How a Keys Murder-Suicide Exposed a Disappearing Doc Who Faked His Own Death
In May 2011, I wrote a short piece for Riptide about an 80-year-old Keys man who'd shot and killed his wife and his pet cat before ending his own life. I called it the "saddest story of the morning." Like most of Glen Tucker's neighbors and the local police, I assumed Tucker's crime was a typically tragic end-of-life story.
Months later, I got a call from Jan Lehman. Our conversation began unraveling a three-decades-old mystery of a disappearing plastic surgeon who faked his own death to escape dozens of mangled patients.
Murder-Suicide in the Keys Unravels a Doctor's Decades-Long Mystery
Lehman's tale seemed too incredible to be true. Back in the 1970s, Glen Tucker had been among the most prominent plastic surgeons in Milwaukee -- until he began horribly mutilating his patients.
Tucker operated on Lehman's nose after her friend accidentally broke it with an ill-timed cartwheel.
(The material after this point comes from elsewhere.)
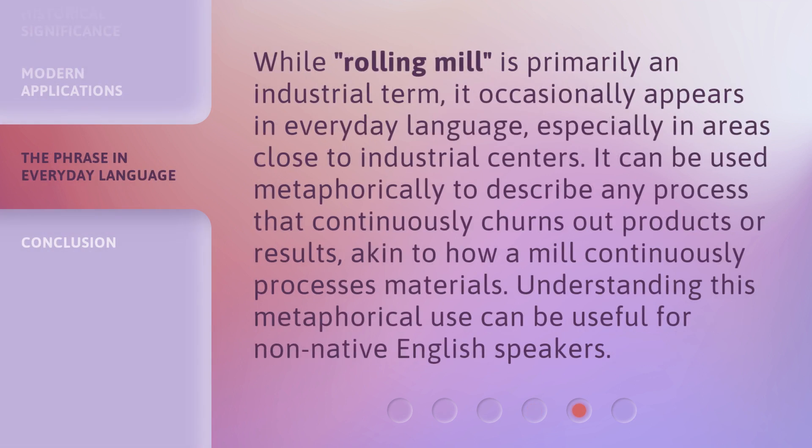While 'rolling mill' is primarily an industrial term, it occasionally appears in everyday language, especially in areas close to industrial centers. It can be used metaphorically to describe any process that continuously churns out products or results, akin to how a mill continuously processes materials. Understanding this metaphorical use can be useful for non-native English speakers.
Three surgeries and a brutal few months of pain later, Lehman finally went to another doctor -- who was horrified to find an infected wad of gauze left in her nose through all the operations, plus serious damage to her cartilage.
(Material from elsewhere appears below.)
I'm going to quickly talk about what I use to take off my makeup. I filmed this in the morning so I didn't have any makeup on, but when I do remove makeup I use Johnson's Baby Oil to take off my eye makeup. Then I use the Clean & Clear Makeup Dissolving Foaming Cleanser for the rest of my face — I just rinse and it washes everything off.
With Lehman's help, I was able to tell the full story of what happened next in this week's cover story, "The Gun and the Scalpel."
As Lehman and a dozen other patients lined up to detail Tucker's mistreatment, the doctor faked his own death, fled to the Keys, and hid the truth from his neighbors for 30 years -- until his life ended in violence last May.
Lehman, who now lives in Texas under a different name, says she wanted to tell her story for two simple reasons: so that Tucker's other victims know he's no longer alive and to educate people about their rights as a patient.
"No one should have to go through what I went through," she says.
Lehman offers three tips she wishes she'd known back in 1978 when she first went to the ER for her broken nose.
First, patients can get a second opinion before any surgery; second, if there are complications after that operation, they should consult an unrelated doctor before going ahead with a corrective procedure; and finally, seriously injured patients need an advocate to watch out for them as they undergo treatment.
"When you're as seriously injured as I was after my first surgery," she says, "you're in no position to rationally look out for yourself."